When the topic is disability, a light bulb always goes off in all of our heads, without distinction: architectural barriers. The difficulties and the physical obstacles that prevent independent movement to reach a location, enjoy an attraction or perform normal, day-to-day activities.
These barriers are steps, narrow doorways, unusable bathrooms, non-existent parking spaces, ascents and descents that rain hammer blows along the path of a wheelchair user.
Architectural barriers are the result of failure to make the world liveable for everyone and a lack of planning to improve what already exists or create something new from scratch.
While a little good will and plenty of planning and skill are all that is needed to break down these barriers and pave the way in this case, there is still a long way to go when it comes to mental barriers. These are still architectural barriers metaphorically speaking, because they are perfect constructions in the world that is prejudice.
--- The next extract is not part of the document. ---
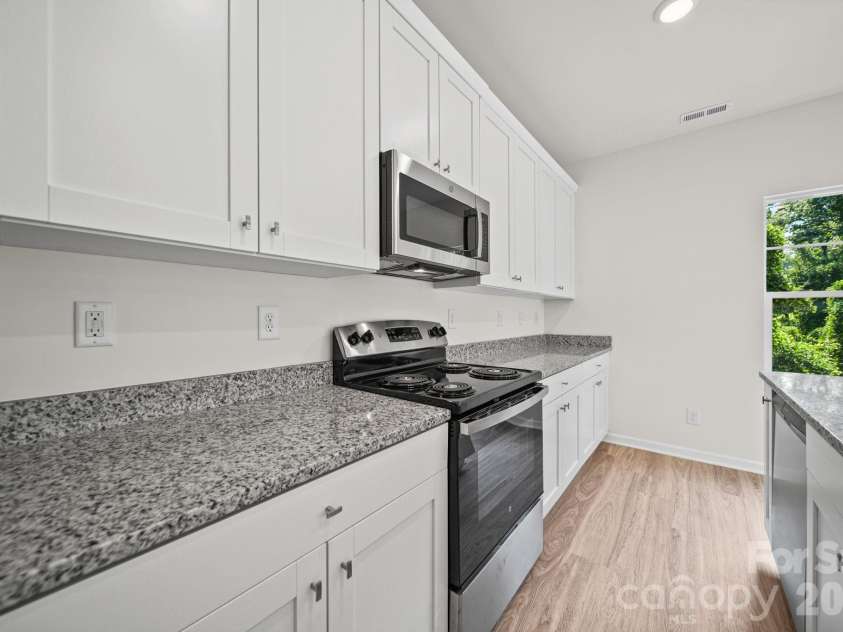 203 Hermitage Court, Shelby, NC 28150.  MLS# CAR4418450, YatesRealty ID 48171. Kitchen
There are no rules, no way of knowing how to get around them, no choice but to fight them on several fronts: from the inside, by continuing to explain the world of disability simply as life from a different viewpoint, and from the outside, by bringing to public attention cases that allow the problem to be examined more easily.
My CV is very similar to those of many young people of my own age who have studied in the world of communications, which, in addition to words, also gives the nod to an image that you have to support or represent in order to be considered. It was summertime, the end of July, and I had graduated just a few weeks beforehand, on Bastille Day.
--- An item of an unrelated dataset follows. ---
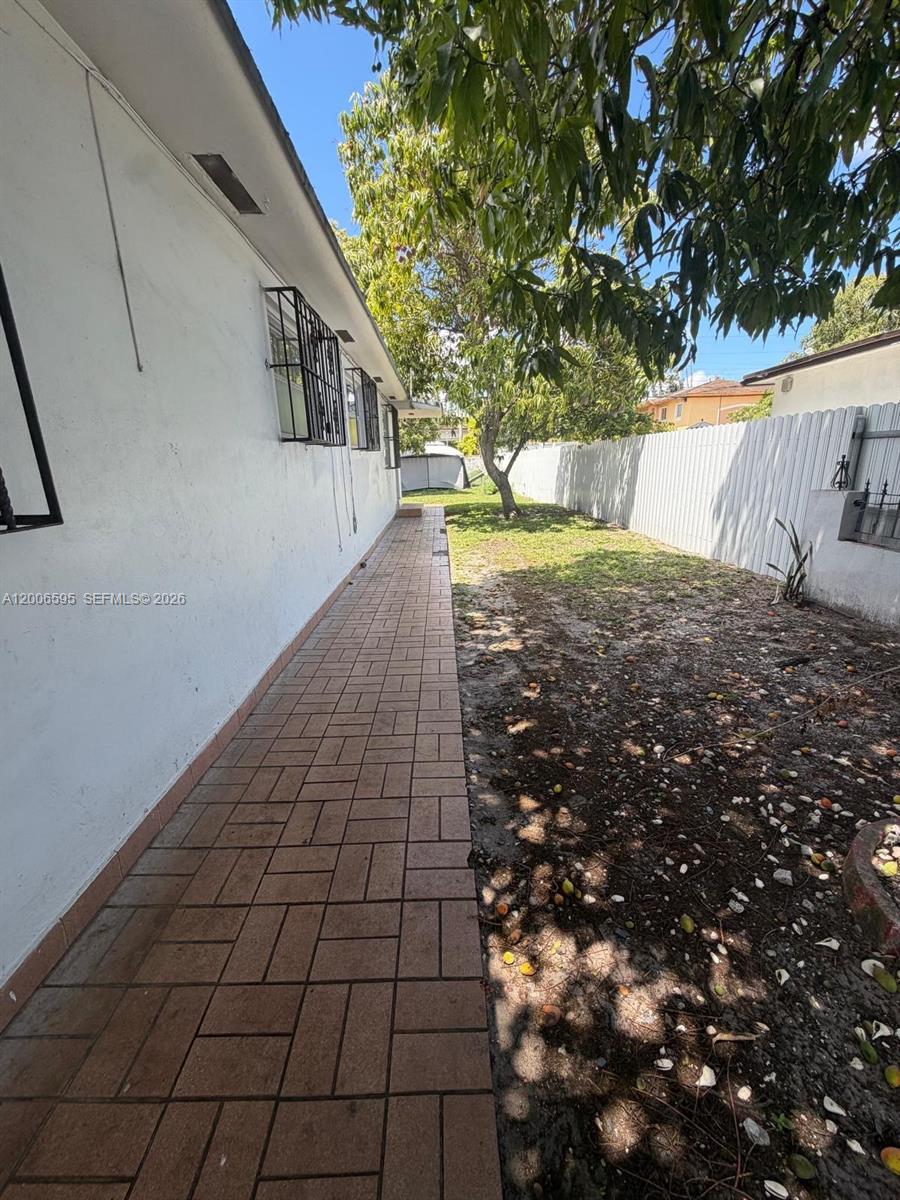 HIALEAH 3RD ADDN - Residential Income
My mobile phone vibrated and I saw that it was a local number that I did not recognise. It turned out to be the HR office of a multinational in the hydrocarbons sector, located in a building towering over the Mantua skyline. They were calling for a job interview, as a press officer, starting in September. I was happy to agree to the interview but, before hanging up, I asked that one, customary and essential question: “Sorry, but are there any architectural barriers to reach the interview location? I am in a wheelchair and I wouldn’t want to have any problems in reaching you.” There was a deafening silence at the other end, a lack of sound in which I could clearly hear the person at the other end taking in the information and the wheels in their brain turning to find a way out. “The interview is on the first floor. We’ll let you know if we can change location”.
Years have gone by, with many contributions and changes in category along the way, since that day. I never heard from them again and have never worked for them. They shut their minds and, on that day, I realised that the rugby tackles faced everywhere else would be present in my working life as well.
The roots of mental barriers lie in society, in the attitudes of people who see disability as something different from the normal routine. We are obviously talking about disability in this article, but mental barriers are also erected elsewhere: against gender, race, religion and geographic area. Breaking them down, or at least honing their edges, is more complicated than breaking down architectural barriers. A fair compromise could be starting to speak about and apply the concept of “exchange” with others, including tolerance in that concept, which is not intended as resignation here, but as acceptance, the ability to see a specific aspect of the other person, process it, accept it and retransmit it with a view to openness.
Mental barriers are a metaphorical form of disability, the absence of that mechanism which allows us finally to think in terms of “us” and not “them”.
I do not have the solution to understanding how to avoid both barriers, I can only continue to hope that, all together, we can work to reduce the discomfort they cause.